Traveling Road Show
Archivist Rick Prelinger debuts an interactive ode to America in moving pictures
By Leah Churner, Fri., March 8, 2013
Rick Prelinger is a retro-futurist philosopher who collects things. Lots of things. Best known as the founder of the Prelinger Archives, a collection of over 60,000 educational, industrial, and sponsored films acquired by the Library of Congress in 2002, he has recently begun stockpiling other people's home movies. He's arming himself to challenge everything you think you know about documentary filmmaking.
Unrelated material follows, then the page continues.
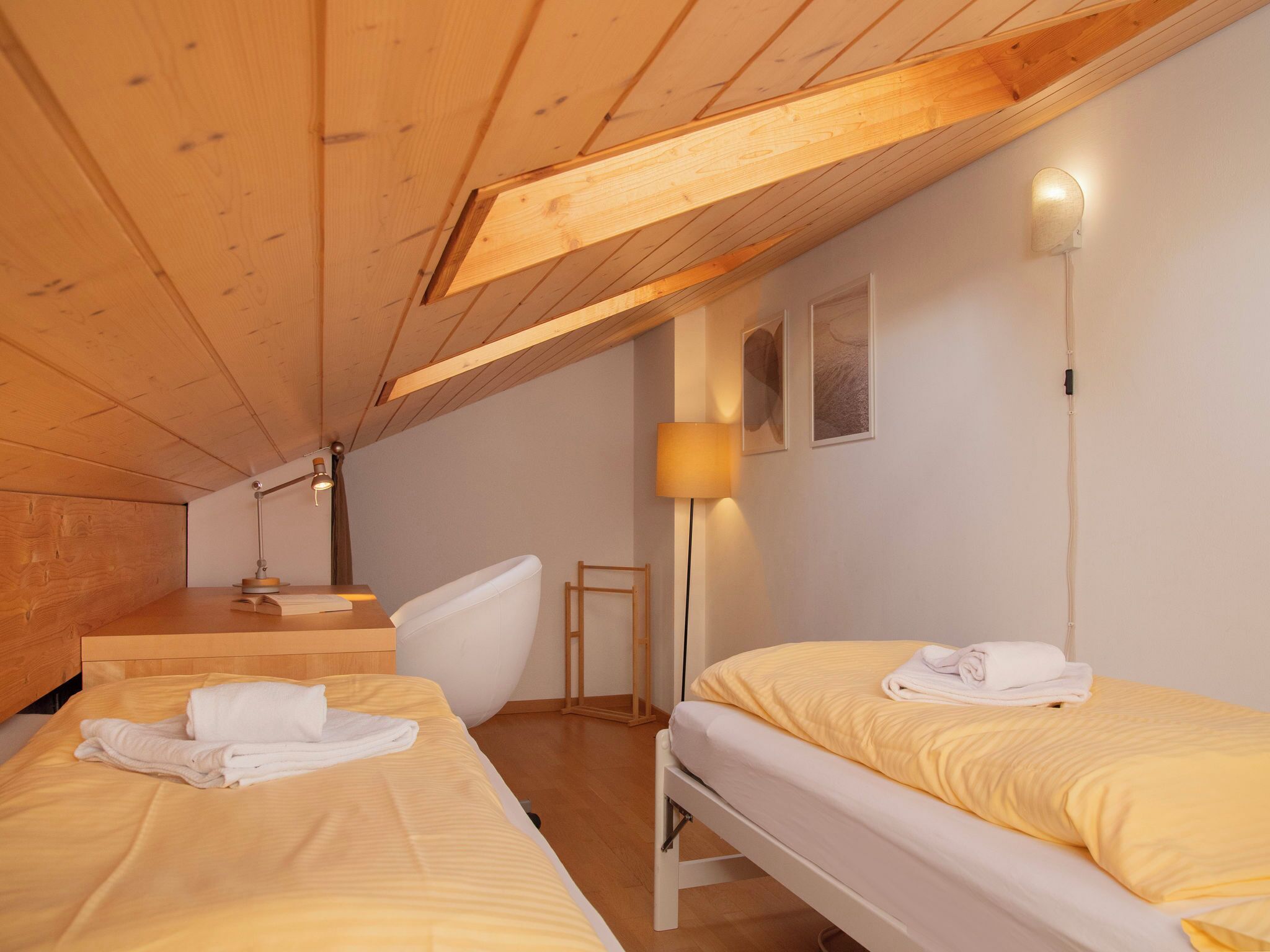A cozy room with wooden beams, two beds with yellow bedding, a white chair, a desk, and a lamp.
"There's this notion that a documentary today isn't complete unless it has a narrative arc and characters," he told me over the phone from his home in San Francisco. He says the contemporary emphasis on storytelling has spawned an industry of "cookie-cutter docs" that cram archival footage into a three-act mold festooned with music, talking heads, and fancy graphics. Why gild the lily? A home movie already has a narrative, characters, and action. "It might be an unschooled auteur, but you're always playing with things that have an intentionality to them. I think the public is more than capable of looking at raw material and figuring out their own interpretation," he said. On March 10, No More Road Trips? will give the audience a chance to do just that.
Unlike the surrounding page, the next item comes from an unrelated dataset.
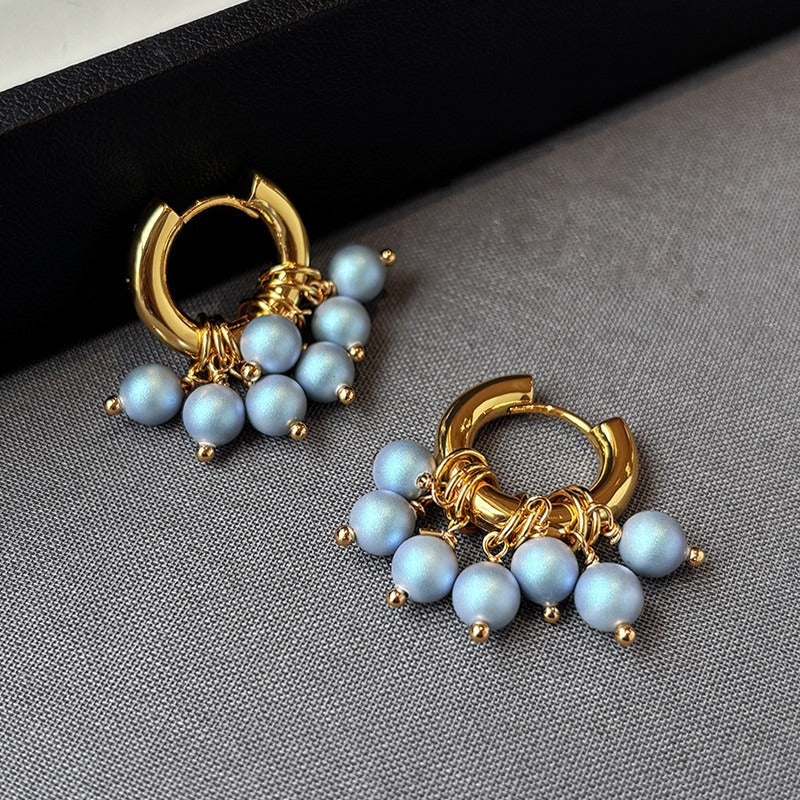 Blu Pearl gold hoop earrings with clusters of light blue pearl beads displayed on a gray background.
No More Road Trips? is a live-performance, interactive film presentation culled from home movies of American car trips and family vacations spanning the 20th century. Like most of his 8mm and Super 8mm source material, Road Trips has no sound. The audience will provide real-time audio commentary. It's an unscripted cinema experience Prelinger calls "silent but noisy." He wants people to get "rowdy," like sports fans: "Why can't movie audiences be so uninhibited?" During the film, he'll preside as referee: "I'll ask the audience to identify things ... to dispute one another, but most of all, to talk about ideas." Whatever happened to the romance of the highway? Has the westward journey, so deeply ingrained in our national consciousness, come to an end?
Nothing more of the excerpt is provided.